Patterns

This guide takes you through some advanced features and patterns that can be utilized in gwf. Remember that gwf is just a way of generating workflows using the Python programming language and thus many of these patterns simply use plain Python code to abstract and automate certain things.

Iterating Over a Parameter Space

Say that you have a workflow that runs a program with many different combinations of parameters, e.g. the parameters xs, ys, and zs. Each parameter can take multiple values:

We now want to run out program simulate with all possible combinations of these parameters. To do this, we’ll use the Python function itertools.product() to create an iterator over all combinations of the parameters:

import itertools

parameter_space = itertools.product(xs, ys, zs)

We can then iterate over the parameter space:

gwf = Workflow()

for x, y, z in parameter_space:
    gwf.target(
        name='sim_{}_{}_{}'.format(x, y, z),
        inputs=['input.txt'],
        outputs=['output_{}_{}_{}.txt'.format(x, y, z)],
    ) << """
    ./simulate {} {} {}
    """.format(x, y, z)

Dynamically Generating a Workflow

We can make our workflows more reusable by generating them dynamically.
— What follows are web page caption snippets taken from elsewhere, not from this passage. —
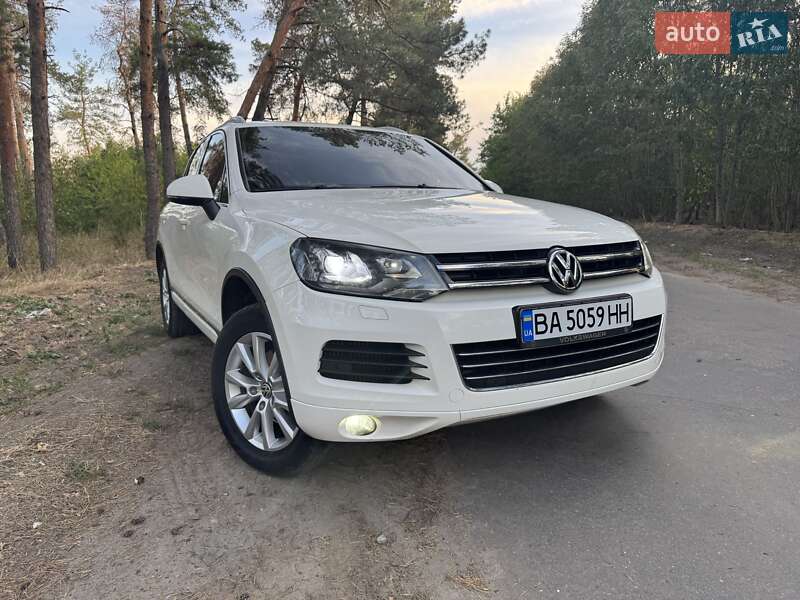 Внедорожник / Кроссовер Volkswagen Touareg 2011 в Кропивницком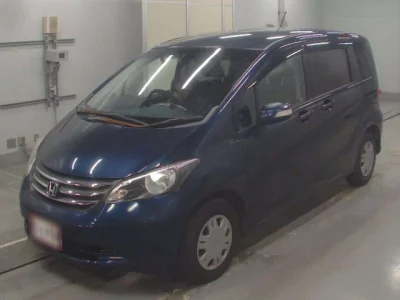 Honda FREED  с аукциона в Японии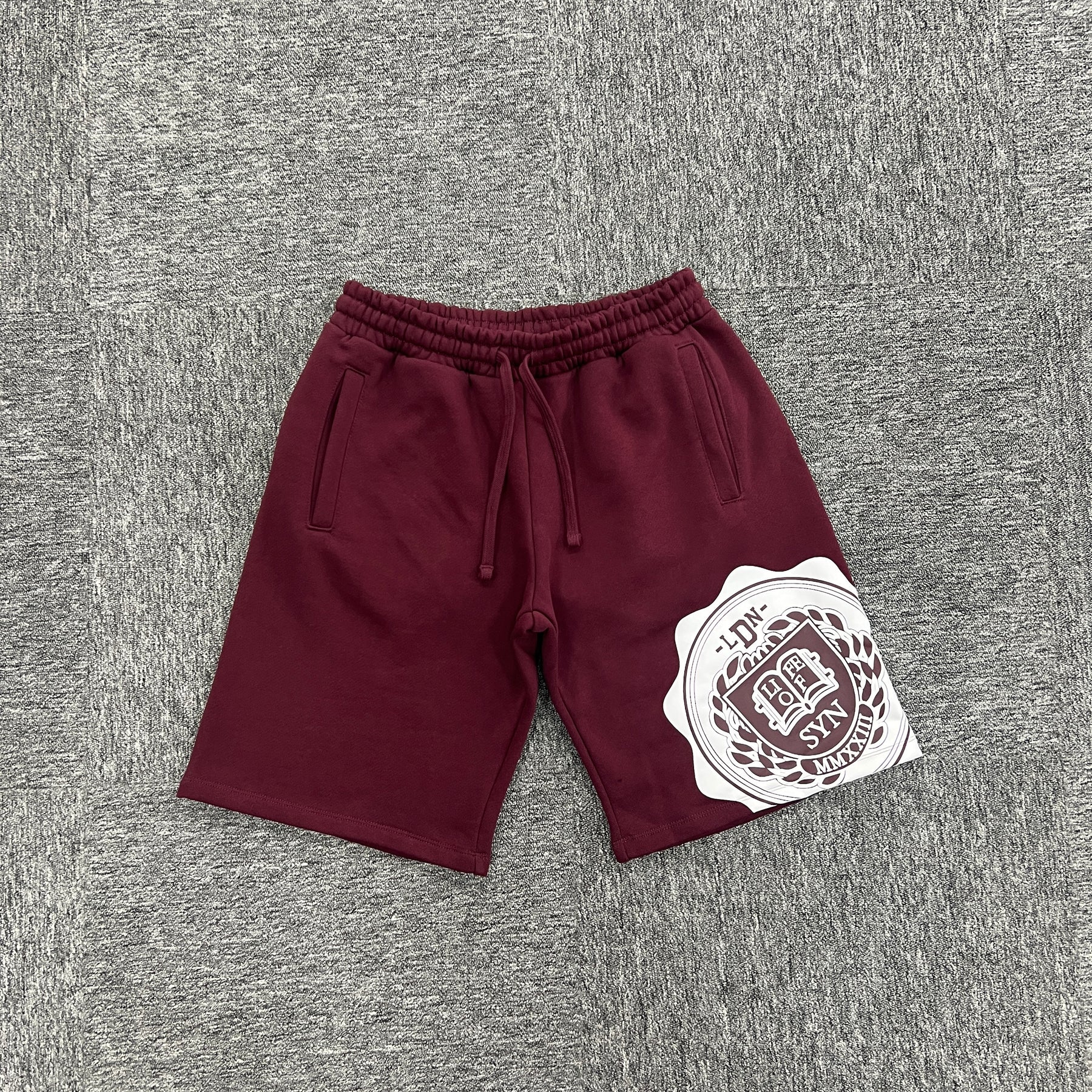 Conjunto Syna World “Varsity Crew“ ( Vermelha )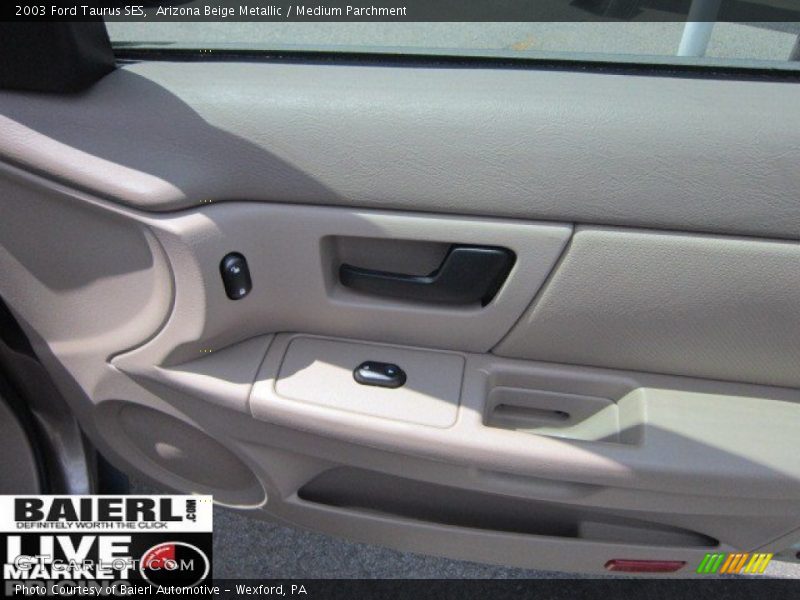Arizona Beige Metallic / Medium Parchment 2003 Ford Taurus SES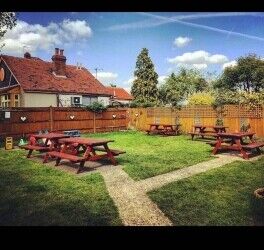 Family pub for sale in Staines Photo 4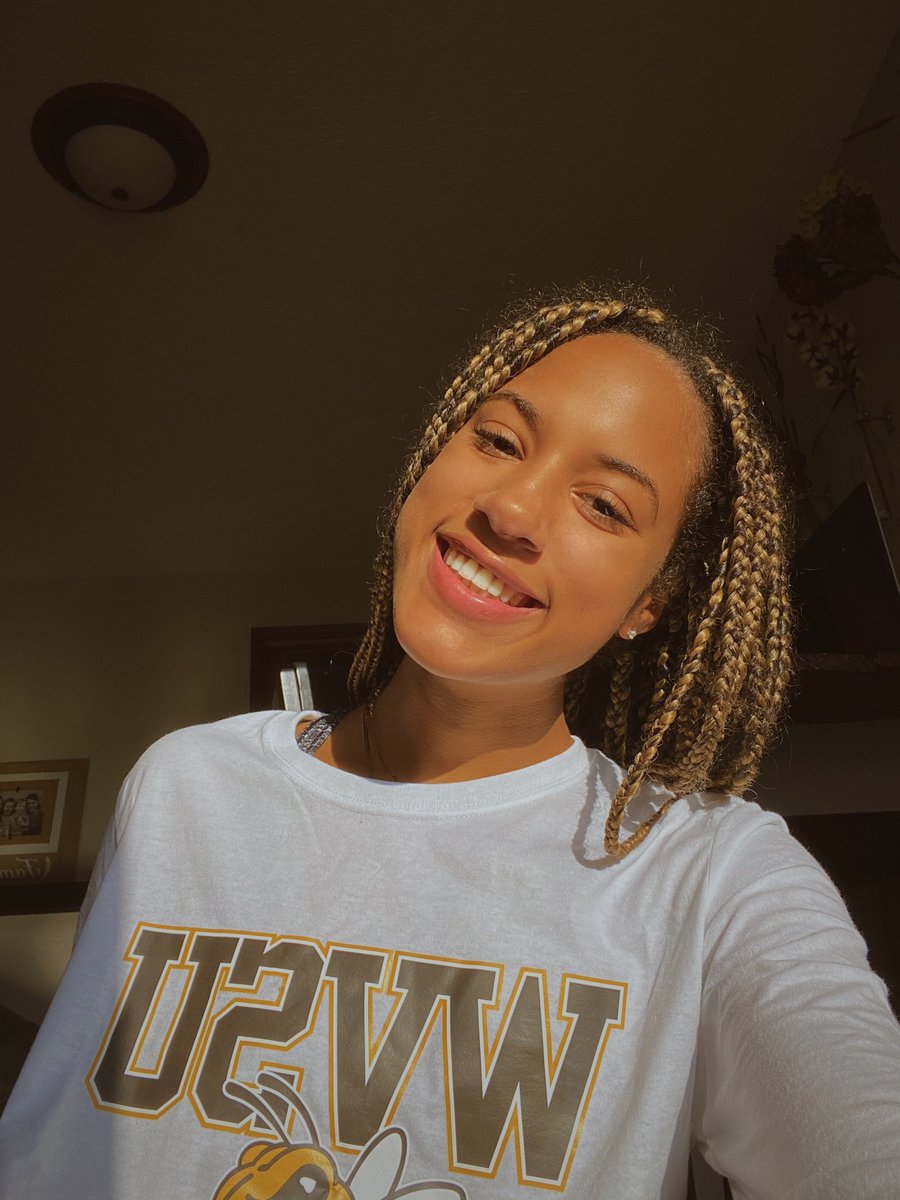 RileyWestbrook1's tweet photo. I would like to thank God, my family, and my coaches for always supporting me and making it capable for me to play the sport I love. I am so excited to announce my verbal commitment to West Virginia State University to further my academic and athletic career! 🐝💛🖤 https://t.co/9QOUOKsy9Y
For example, we may wish to make it easy for others to change the inputs to our workflow or let users specify a different output directory. When generating workflows dynamically you can essentially parameterize the workflow in any way you want. In combination with inclusion of workflows into other workflows, this allows for extremely powerful composition.

To dynamically generate a workflow, we simply create a function which builds the workflow and returns it:

import os.path.join
from gwf import Workflow

def my_fancy_workflow(output_dir='outputs/'):
    # Create an empty workflow object.
    w = Workflow()

    # Add targets to the workflow object, respecting the value of `output_dir`.
    foo_output = os.path.join(output_dir, 'output1.txt')
    gwf.target(
        name='Foo',
        inputs=['input.txt'],
        outputs=[foo_output],
    ) << """
    ./run_foo > {}
    """.format(foo_output)

    bar_output = os.path.join(output_dir, 'output2.txt')
    gwf.target(
        name='Bar',
        inputs=[foo_output],
        outputs=[bar_output]
    )

    # Now return the workflow.
    return w

You can put this function in file next to your workflow, or any other place from which you can import the function. In this case, let’s put the file next to workflow.py in a file called fancy.py.
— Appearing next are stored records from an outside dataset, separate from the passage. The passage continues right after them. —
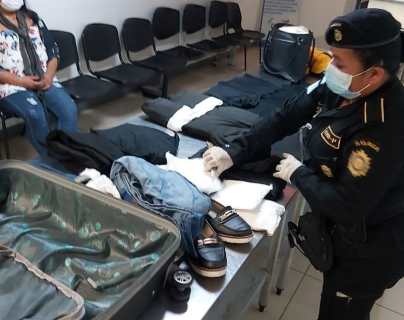 Detienen en el aeropuerto La Aurora a colombiana que intentó ingresar 36 bolsas de cocaína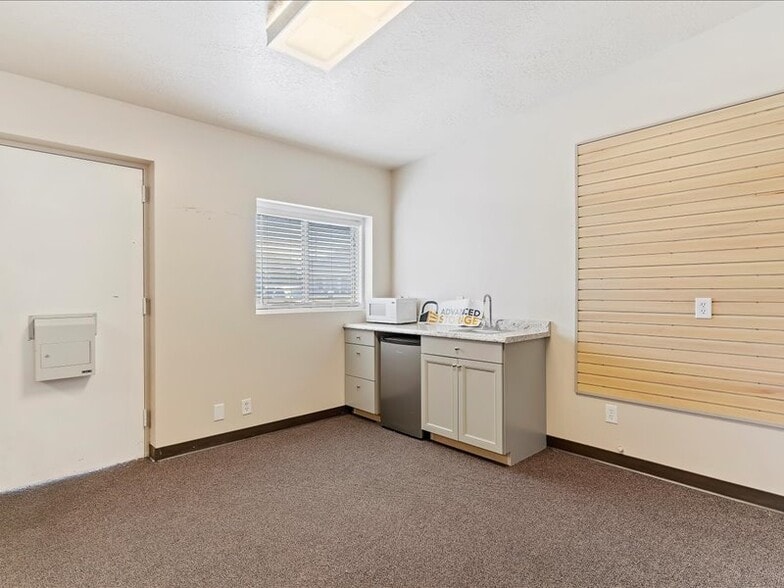 More Photos Of 3272 Stephens Ave, Ogden Self Storage For Sale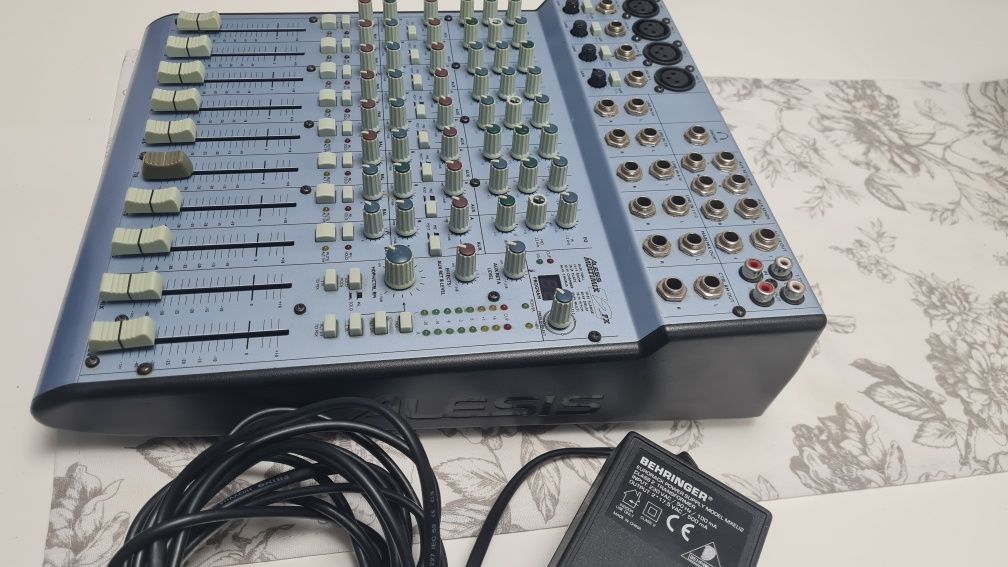 Mixer Alesis cu efecte voci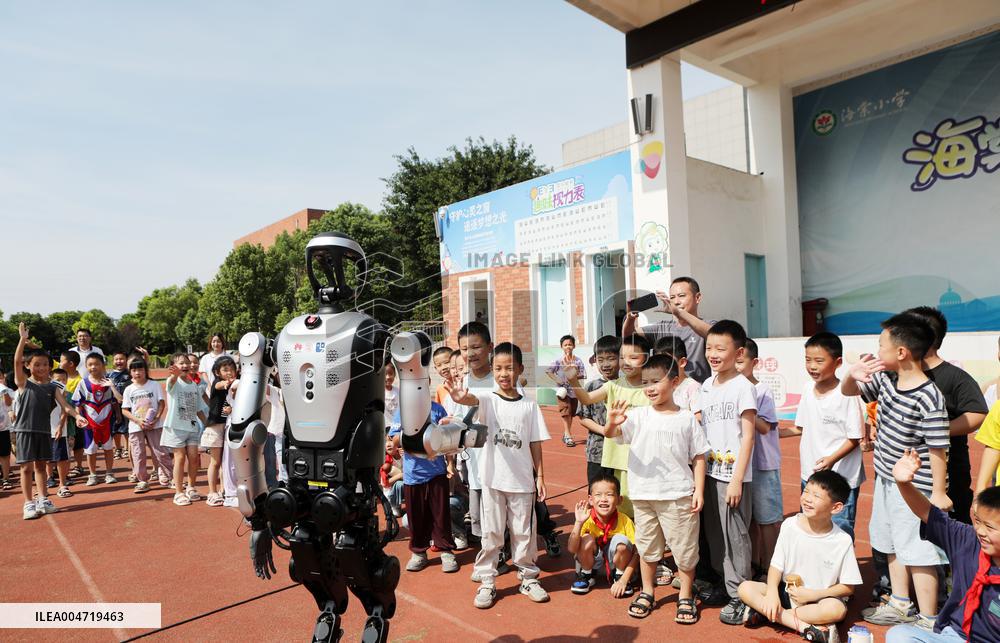 Primary School Science Popularization Education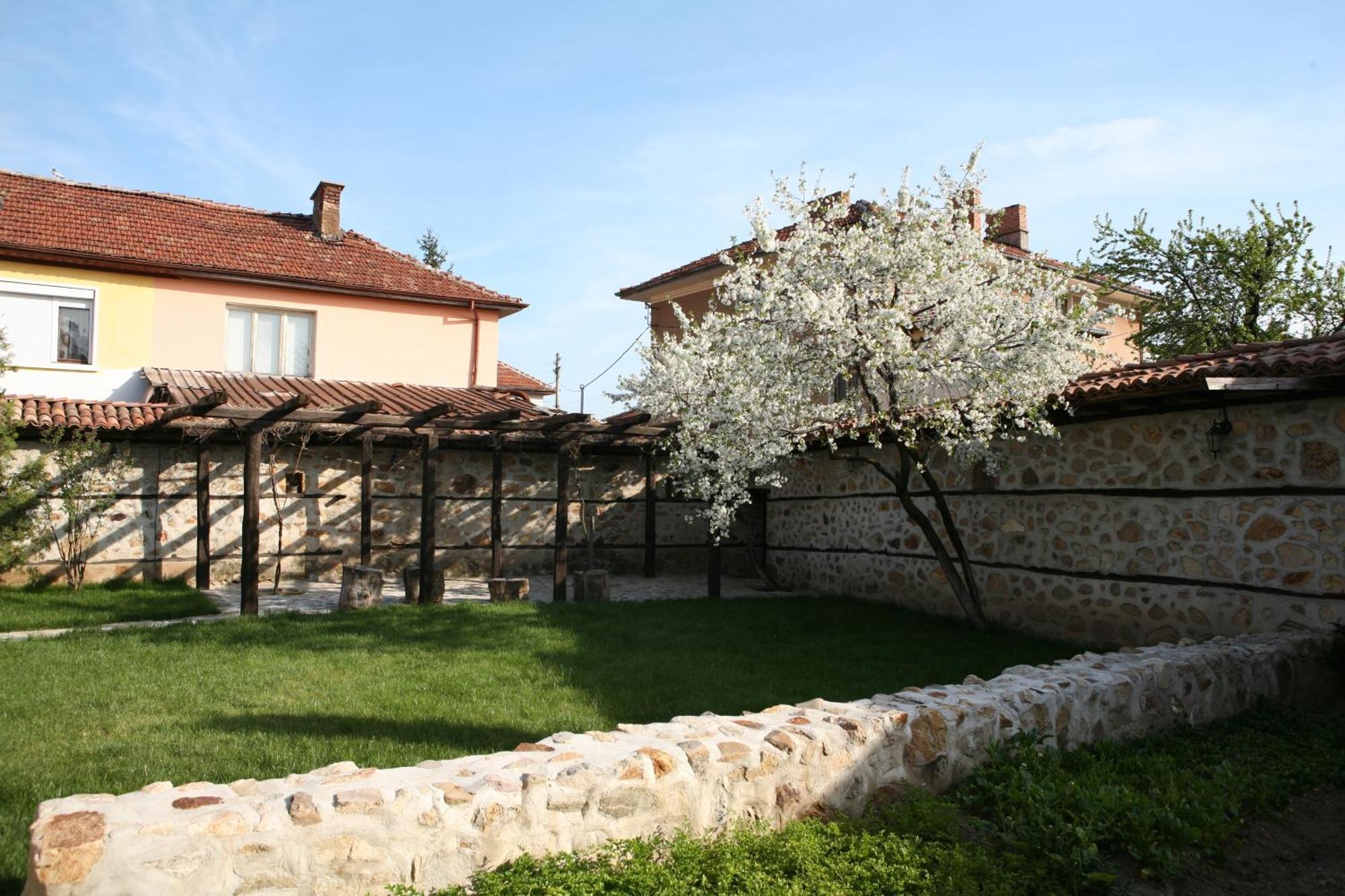 Djudjeva Kyshta Hotel Panagyurishte Exterior foto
In workflow.py we can then use the workflow as follows:

from fancy import my_fancy_workflow

gwf = my_fancy_workflow()

We can now run the workflow as usual:

$ gwf run

However, we can now easily change the output directory:

from fancy import my_fancy_workflow

gwf = my_fancy_workflow(output_dir='new_outputs/')
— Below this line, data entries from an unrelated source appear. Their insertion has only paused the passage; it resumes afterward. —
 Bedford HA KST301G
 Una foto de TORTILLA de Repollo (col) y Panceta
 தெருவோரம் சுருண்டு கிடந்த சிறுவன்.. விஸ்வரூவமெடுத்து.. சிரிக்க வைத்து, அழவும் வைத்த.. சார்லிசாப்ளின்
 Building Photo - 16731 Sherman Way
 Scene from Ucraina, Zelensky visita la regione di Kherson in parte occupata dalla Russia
Parameterizing the workflow can also let the user choose to deactivate parts of the workflow. For example, imagine that Bar generates summary files that may now always be needed. In this case, we can let the user choose to leave it out:

import os.path.join
from gwf import Workflow

def my_fancy_workflow(output_dir='outputs/', summarize=True):
    # Create an empty workflow object.
    w = Workflow()

    # Add targets to the workflow object, respecting the value of `output_dir`.
    foo_output = os.path.join(output_dir, 'output1.txt')
    gwf.target(
        name='Foo',
        inputs=['input.txt'],
        outputs=[foo_output],
    ) << """
    ./run_foo > {}
    """.format(foo_output)

    # Only create target `Bar` if we want to summarize the data.
    if summarize:
        bar_output = os.path.join(output_dir, 'output2.txt')
        gwf.target(
            name='Bar',
            inputs=[foo_output],
            outputs=[bar_output]
        )

    # Now return the workflow.
    return w

In workflow.py we can then use the workflow as follows:

from fancy import my_fancy_workflow

gwf = my_fancy_workflow(summarize=False)

External Configuration of Workflows

In the previous section we saw how we can parameterize workflows. However, in some cases we may want to let the user of our workflow specify the parameters without touching any Python code at all. That is, we want an external configuration file.

The configuration format could be anything, but in this example we’ll use a JSON as the configuration format. First, this is what our configuration file is going to look like:

{
    "output_dir": "some_output_directory/",
    "summarize": true
}

We put this file next to workflow.py, e.g. as config.json. We can now read the configuration using the Python json module in workflow.py:

import json
from fancy import my_fancy_workflow

config = json.load(open('config.json'))

gwf = my_fancy_workflow(
    output_dir=config['output_dir'],
    summarize=config['summarize'],
)

We can now change the values in config.json and run the workflow as usual.